From here, the book almost seems to rush to the conclusion and I do wish it did not. My hard cover, book club edition is only 211 pages, and it is so enjoyable, I would have wished for it to be twice that length. There is enough untold story in the gaps to justify it. Kate and Dirk pretty much act separately, each pursuing their own thread of the story. I would have liked to see more interaction between them. There isn’t much about the lawyer and I would have liked to dislike him more. I never did quite figure out what all the eagles were about, but I’m not really up on Norse mythology so I may have missed out because of that. Also, I was unclear about what brought about the creation of the new and powerful god of guilt (from Dirk’s neglected refrigerator). Still, the central plot is clear and the conclusion makes sense, after a fashion.
The Dirk Gently stories had the makings of a great series and it is sad that Douglas Adams did not have a chance to continue it. But, the two that were finished are fun, and I do recommend them.
The cast of delightful characters in this book includes a software developer, a forgetful time traveler, an electric monk, a couple of ghosts (one used to be human), and a ‘holistic detective’ who claims he isn’t psychic. It also includes several smiles and a place or two where laughing out loud is required.
I pulled my old first paperback edition off my shelves a couple days ago (noting the whopping $4.50 cover price) because I just finished reading Shada by Gareth Roberts, which was a novelization for an unaired script written by Douglas Adams for the Doctor Who TV series. Something about Shada reminded me of this book. And it should have. Professor Chronotis, appears in both. In Shada, he is clearly an absentminded Time Lord. In Dirk Gently’s Holistics Detective Agency, he still is — except the term ‘Time Lord’ isn’t used because this is not a Doctor Who story. Although it is, except it does not include the Doctor, so it really isn’t. In a way, it could be seen as a sequel to Shada with Professor Chronotis as the common character between them. Rereading this novel after Shada, provided answers to questions I had before, like who Chronotis is, where he got his time machine (now obviously a TARDIS), why he has lived so long, and what it was he enigmatically retired from before taking his post at Cambridge.

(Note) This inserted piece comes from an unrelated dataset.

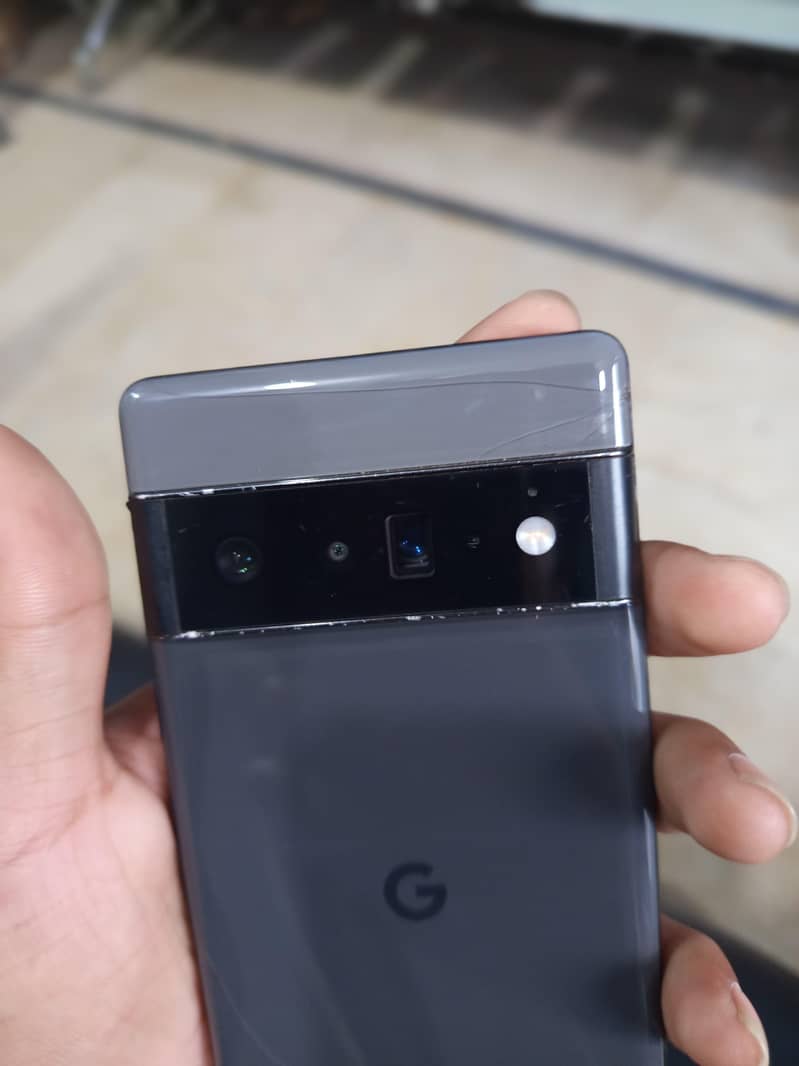 Google Pixel 6 Pro 10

There are still a couple of things that leave me scratching my head — like what exactly did they do to stop the alien ghost from altering the course of Earth history? My only complaint about the novel is that there isn’t more of it. I would have loved to see some of the scenes expanded, especially a bit more on the ‘electric monk’ and the scenes where Chronotis, Richard, and Dirk are travelling in the time machine not called a TARDIS, exploring the alien ghost’s ancient spaceship, and bringing him back in time to ‘correct’ his mistake. (I know that all may seem confusing, but I try not to put plot spoilers in these pseudo reviews.)
So, my recommendation for people who have previously read this book is to reread it after reading Shada. If you haven’t read this book, read Shada first, then this one, and then read The Long Dark Tea-Time of the Soul. That’s what I plan to do tonight.
(My recommendations presume some familiarity with Doctor Who. If you are not familiar with Doctor Who, you have much catching up to do.)